Die Bemessungsgrundlage für den Verwendungseigenverbrauch ermittelt sich für das Jahr 2009 daher wie folgt:

152.664,48 Euro x 2,76% = 4.213,54 Euro.

Mit diesem Betrag war daher ein Verwendungseigenverbrauch zu erfassen und als solcher gleich einer sonstigen Leistung gemäß § 3a Abs. 1a UStG 1994 steuerpflichtig zu behandeln.

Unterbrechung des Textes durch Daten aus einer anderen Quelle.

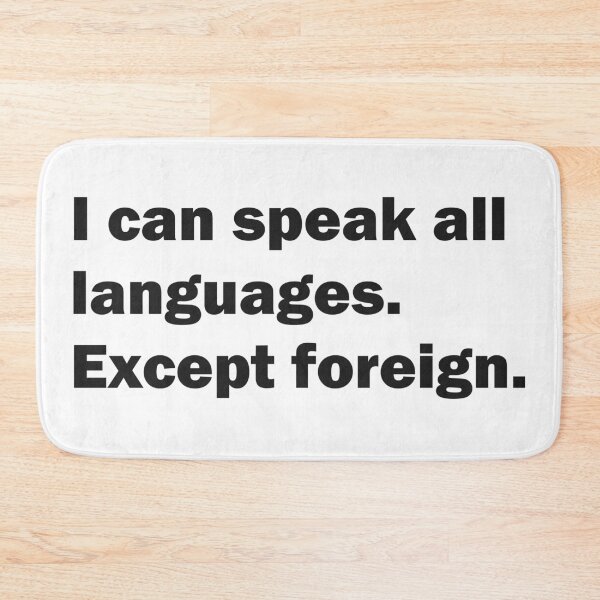 Item preview, I can speak all languages. Except foreign.  designed and sold by HappyIke.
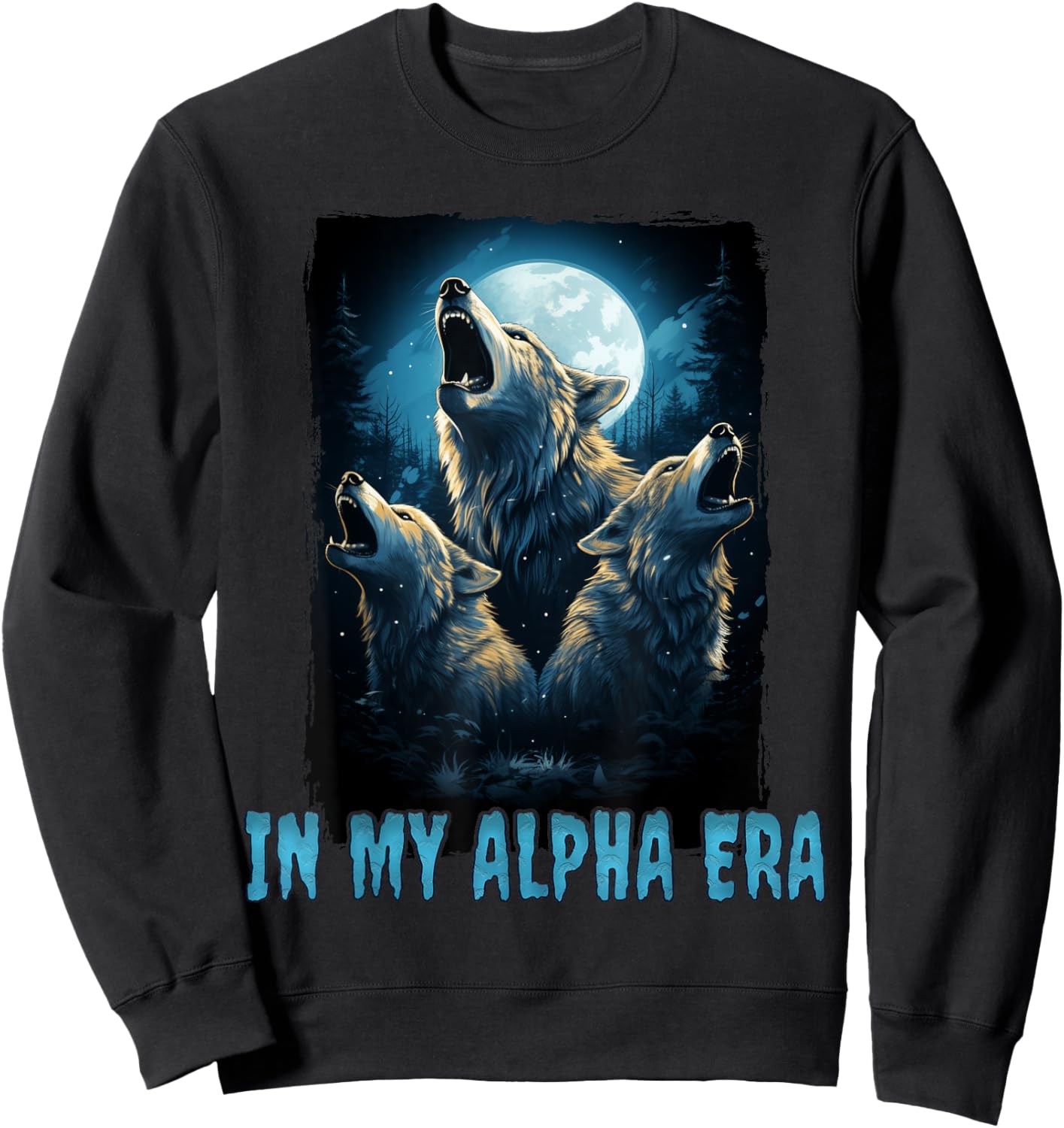 Wolf In My Alpha Era Sweatshirt - Sweatshirt | Black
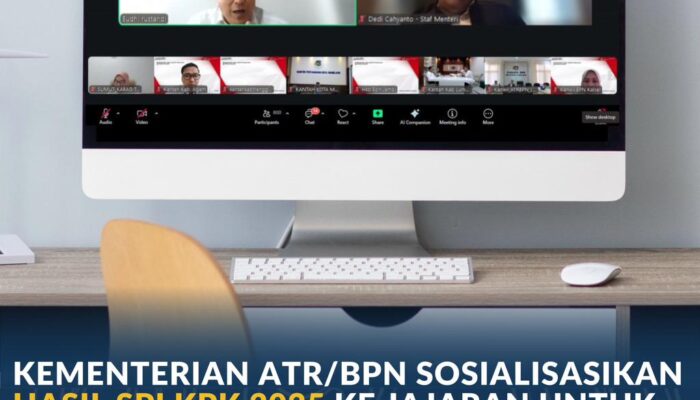 Kementerian ATR/BPN Sosialisasikan Hasil SPI KPK 2025 ke Jajaran untuk Peningkatan Kualitas Layanan dan Tata Kelola Pertanahan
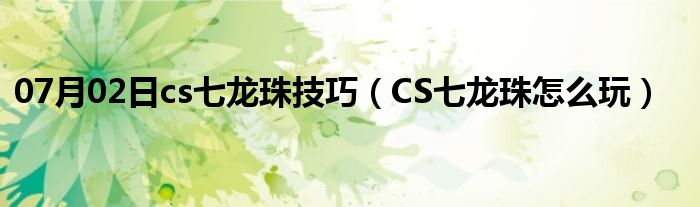 07月02日cs七龙珠技巧（CS七龙珠怎么玩）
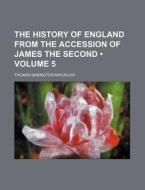 The History Of England From The Accessio di Thomas Babington Macaulay edito da General Books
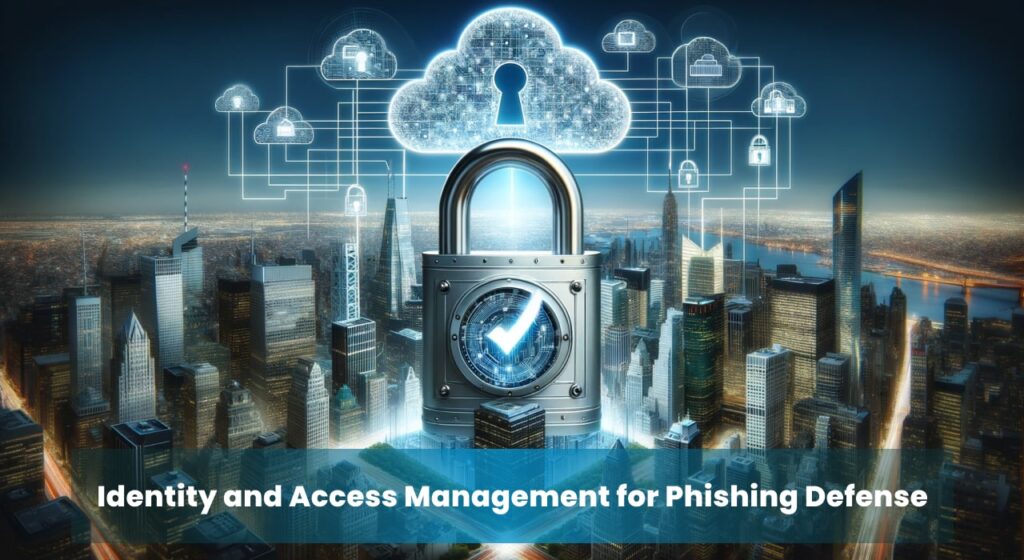 A large padlock with a keyhole hovers over a cityscape, symbolizing secure access provided by IAM solutions. Digital connections and cloud icons surround the padlock, emphasizing identity and access management for phishing defense. The text overlay reads, "Identity and Access Management for Phishing Defense."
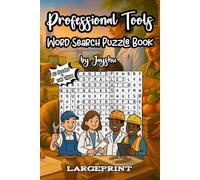 Professional Tools Word Search Puzzle: 60 Large Print Puzzles | Fun Tool Trivia Warm-Up Pages | Colorable Doodle Margins | Travel-Friendly 6×9 | ... Puzzles (Large Print Word Workout Series)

Die Privatnutzung war nach herrschender Rechtsprechung und Literatur als fiktive Dienstleistung dem Normalsteuersatz von 20% zu unterwerfen (Bürgler/Stifter in Berger/Bürgler/Kanduth-Kristen/Wakounig, UStG-ON3.02 § 3a (Stand 1.12.2021, rdb.at) Rz 31; Mayr/Ungericht, UStG4 (2014), § 3a Anm 47).

Für die Jahre 2007 und 2008 haben die Berechnungen im fortgesetzten Verfahren keine Veränderung gegenüber dem vom Verwaltungsgerichtshof aufgehobenen Vorerkenntnis erfahren.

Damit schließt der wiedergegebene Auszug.